In 1994, Mr. McCrory’s studies were instrumental in convincing the government to create Canada’s only grizzly bear sanctuary, a 45,000-hectare protected zone in the Khutzeymateen Valley.
The Khutzeymateen sanctuary is in the heart of the Great Bear Rainforest and it will be tripled in size after today’s announcement.
In addition to setting aside land, the government is also expected to join an effort to shift the region’s economy away from clear-cut logging and toward a more sustainable model. It is understood a $120-million conservation financing package will be part of the deal. Most of that money, $60-million, will come from several private U.S. and Canadian foundations; $30-million will come from B.C., and Ottawa is being asked to match the provincial funds.
Logging will be allowed in many areas in the Great Bear Rainforest, but it will take place under “ecosystem-based management.”

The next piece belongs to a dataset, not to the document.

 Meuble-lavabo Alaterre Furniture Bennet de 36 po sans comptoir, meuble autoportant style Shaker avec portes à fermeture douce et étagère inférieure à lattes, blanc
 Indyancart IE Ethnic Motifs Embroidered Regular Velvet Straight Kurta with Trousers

The new logging approach is supposed to protect the environment while permitting up to 50 per cent of the timber to be removed from some areas.
Mr. McCrory said one of the things he’s concerned about is how ecosystem-based management is defined. “We have to see what that is actually going to look like,” he said.
Nonetheless, Mr. McCrory said he expects today’s announcement to be “a landmark decision” in terms of wilderness protection.
The large areas being set aside mean that the grizzly bears and white-phased black bears should have enough habitat to survive indefinitely, he said. “One hundred years from now, we’ll still find [these] bears on the coast.”